■ TASK REQUIREMENTS: Return only the number of lines in the data below where the word "Fabric" appears.

Data excerpts:
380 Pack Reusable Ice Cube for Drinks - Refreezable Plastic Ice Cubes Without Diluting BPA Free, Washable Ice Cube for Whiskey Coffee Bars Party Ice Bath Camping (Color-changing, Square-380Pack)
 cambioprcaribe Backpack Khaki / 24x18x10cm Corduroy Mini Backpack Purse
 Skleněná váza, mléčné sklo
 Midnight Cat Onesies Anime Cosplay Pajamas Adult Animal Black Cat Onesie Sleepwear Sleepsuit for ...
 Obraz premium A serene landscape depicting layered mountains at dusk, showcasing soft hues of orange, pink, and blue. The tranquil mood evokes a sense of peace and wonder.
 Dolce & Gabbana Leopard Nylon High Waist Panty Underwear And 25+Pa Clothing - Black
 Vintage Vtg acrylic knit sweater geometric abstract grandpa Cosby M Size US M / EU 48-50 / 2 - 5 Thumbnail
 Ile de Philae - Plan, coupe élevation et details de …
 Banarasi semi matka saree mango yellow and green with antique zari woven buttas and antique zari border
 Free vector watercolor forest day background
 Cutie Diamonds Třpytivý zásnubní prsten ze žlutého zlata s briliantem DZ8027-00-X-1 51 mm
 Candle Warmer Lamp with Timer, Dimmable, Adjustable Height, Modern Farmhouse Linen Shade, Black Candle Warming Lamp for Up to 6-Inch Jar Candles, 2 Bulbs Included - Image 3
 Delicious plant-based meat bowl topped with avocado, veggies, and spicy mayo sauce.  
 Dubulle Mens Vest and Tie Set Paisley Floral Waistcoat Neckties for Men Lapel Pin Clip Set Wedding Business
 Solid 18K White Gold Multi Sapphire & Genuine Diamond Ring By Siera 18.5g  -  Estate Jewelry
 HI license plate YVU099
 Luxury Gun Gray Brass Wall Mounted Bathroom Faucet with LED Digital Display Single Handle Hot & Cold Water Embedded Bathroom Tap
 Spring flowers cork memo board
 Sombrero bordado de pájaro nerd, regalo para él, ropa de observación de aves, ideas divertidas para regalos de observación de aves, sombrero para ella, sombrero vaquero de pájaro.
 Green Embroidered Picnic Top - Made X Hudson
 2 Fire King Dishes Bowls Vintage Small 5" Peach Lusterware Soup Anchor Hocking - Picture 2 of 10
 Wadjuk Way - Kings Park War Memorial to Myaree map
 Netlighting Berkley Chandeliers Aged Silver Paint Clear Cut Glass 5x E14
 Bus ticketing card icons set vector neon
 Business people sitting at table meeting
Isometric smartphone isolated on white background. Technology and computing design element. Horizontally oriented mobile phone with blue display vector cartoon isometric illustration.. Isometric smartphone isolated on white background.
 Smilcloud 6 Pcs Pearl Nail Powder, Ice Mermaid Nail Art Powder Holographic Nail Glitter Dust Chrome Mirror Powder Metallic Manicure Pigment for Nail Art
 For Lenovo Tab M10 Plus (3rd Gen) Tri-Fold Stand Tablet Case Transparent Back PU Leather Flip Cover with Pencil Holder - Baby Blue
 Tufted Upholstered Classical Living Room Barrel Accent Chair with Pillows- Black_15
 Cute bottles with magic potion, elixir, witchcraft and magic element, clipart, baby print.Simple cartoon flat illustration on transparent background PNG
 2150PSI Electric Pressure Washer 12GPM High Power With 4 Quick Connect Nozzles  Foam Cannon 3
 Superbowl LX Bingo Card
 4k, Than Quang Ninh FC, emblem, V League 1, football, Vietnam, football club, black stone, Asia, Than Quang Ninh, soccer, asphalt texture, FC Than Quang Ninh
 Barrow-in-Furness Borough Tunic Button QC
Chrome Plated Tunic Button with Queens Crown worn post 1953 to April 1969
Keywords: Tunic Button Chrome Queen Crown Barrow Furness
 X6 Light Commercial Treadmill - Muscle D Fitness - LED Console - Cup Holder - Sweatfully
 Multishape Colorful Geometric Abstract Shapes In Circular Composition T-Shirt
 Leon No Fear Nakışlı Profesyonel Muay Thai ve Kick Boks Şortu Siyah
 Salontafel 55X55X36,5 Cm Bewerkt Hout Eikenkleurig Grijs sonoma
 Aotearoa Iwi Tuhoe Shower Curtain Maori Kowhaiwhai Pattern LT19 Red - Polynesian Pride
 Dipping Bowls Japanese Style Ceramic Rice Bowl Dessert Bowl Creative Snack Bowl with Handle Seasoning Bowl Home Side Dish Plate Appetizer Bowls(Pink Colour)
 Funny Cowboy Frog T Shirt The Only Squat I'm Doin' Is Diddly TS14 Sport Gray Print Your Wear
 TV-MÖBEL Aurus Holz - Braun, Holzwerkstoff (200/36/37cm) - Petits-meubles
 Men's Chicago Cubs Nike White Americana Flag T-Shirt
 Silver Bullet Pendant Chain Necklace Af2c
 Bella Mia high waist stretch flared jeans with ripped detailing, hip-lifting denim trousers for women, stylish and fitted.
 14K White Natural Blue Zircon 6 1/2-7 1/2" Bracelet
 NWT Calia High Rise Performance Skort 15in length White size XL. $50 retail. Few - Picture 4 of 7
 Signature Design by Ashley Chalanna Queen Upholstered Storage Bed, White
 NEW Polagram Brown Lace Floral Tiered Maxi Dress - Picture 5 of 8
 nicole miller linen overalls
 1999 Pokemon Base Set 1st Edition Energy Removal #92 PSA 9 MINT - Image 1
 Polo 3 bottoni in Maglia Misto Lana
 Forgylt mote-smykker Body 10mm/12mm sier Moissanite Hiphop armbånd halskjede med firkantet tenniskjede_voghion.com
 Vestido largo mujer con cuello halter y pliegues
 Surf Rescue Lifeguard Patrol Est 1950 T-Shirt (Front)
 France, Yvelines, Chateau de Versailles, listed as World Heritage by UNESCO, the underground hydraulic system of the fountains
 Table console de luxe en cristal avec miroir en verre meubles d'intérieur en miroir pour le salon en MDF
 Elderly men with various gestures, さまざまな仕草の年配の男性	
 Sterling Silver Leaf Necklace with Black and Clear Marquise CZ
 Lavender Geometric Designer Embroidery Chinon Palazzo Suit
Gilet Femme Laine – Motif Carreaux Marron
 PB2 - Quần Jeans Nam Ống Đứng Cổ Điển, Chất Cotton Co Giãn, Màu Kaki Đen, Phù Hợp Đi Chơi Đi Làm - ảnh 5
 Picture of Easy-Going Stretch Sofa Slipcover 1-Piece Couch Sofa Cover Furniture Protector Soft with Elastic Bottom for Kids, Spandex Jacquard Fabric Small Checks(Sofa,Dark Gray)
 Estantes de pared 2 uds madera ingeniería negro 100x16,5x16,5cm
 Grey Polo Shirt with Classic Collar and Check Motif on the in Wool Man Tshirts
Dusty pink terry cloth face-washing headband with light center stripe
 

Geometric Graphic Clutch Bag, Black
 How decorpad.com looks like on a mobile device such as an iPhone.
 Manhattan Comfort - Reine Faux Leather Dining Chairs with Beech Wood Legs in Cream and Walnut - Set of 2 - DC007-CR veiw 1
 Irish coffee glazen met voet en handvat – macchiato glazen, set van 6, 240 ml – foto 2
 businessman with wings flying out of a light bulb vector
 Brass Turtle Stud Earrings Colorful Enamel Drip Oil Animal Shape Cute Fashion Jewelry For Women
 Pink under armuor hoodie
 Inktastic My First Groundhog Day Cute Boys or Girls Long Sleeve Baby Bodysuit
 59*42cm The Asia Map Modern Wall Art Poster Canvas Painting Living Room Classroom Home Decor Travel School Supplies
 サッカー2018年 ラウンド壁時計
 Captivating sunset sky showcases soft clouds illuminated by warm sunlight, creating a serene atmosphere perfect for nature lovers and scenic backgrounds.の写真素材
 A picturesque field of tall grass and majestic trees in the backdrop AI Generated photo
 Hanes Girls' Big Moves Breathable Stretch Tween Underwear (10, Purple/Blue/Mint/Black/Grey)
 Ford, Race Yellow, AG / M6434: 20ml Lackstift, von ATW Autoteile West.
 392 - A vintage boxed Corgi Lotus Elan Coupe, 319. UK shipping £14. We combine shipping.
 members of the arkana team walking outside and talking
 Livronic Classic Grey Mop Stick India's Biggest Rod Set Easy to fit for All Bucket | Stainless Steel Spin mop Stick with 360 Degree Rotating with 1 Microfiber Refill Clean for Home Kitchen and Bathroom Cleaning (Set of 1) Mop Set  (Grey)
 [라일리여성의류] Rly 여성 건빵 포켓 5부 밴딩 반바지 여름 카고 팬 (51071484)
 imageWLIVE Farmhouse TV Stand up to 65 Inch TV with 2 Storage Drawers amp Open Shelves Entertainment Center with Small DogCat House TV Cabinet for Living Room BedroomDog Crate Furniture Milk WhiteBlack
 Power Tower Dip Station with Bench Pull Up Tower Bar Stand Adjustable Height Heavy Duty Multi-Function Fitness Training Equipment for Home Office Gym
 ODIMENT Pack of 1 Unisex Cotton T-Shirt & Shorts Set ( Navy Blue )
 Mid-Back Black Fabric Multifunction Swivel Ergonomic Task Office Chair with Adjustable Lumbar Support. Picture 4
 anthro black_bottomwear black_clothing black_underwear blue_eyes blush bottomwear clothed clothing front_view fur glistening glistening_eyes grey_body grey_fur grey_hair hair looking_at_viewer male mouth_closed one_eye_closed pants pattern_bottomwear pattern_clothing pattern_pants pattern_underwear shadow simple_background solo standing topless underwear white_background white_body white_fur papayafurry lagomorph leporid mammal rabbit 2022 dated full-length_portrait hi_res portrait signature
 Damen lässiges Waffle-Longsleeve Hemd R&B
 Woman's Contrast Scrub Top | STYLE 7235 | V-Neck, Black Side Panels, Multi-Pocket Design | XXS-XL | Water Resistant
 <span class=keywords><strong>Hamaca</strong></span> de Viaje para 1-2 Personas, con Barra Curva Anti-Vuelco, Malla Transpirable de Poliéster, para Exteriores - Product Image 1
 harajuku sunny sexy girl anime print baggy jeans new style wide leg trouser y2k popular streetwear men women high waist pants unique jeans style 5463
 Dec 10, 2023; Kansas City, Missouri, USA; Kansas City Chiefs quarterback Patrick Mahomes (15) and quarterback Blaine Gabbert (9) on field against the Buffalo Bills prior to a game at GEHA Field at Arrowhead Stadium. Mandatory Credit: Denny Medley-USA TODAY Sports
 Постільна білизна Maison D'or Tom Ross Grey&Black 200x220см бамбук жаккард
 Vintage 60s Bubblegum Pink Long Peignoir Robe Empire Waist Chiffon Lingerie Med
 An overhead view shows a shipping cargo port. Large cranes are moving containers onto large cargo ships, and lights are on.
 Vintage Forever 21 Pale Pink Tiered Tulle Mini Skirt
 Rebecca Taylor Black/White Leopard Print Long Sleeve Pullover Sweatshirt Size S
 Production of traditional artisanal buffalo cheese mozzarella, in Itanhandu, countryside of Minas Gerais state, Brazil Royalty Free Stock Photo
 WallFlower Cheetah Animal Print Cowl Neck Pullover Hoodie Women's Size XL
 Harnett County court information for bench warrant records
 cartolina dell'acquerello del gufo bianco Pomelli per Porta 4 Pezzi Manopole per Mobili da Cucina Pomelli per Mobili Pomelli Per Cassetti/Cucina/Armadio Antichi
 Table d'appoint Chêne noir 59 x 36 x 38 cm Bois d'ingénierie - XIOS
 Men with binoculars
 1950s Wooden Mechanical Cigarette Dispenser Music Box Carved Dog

■ ANSWER BELOW: 2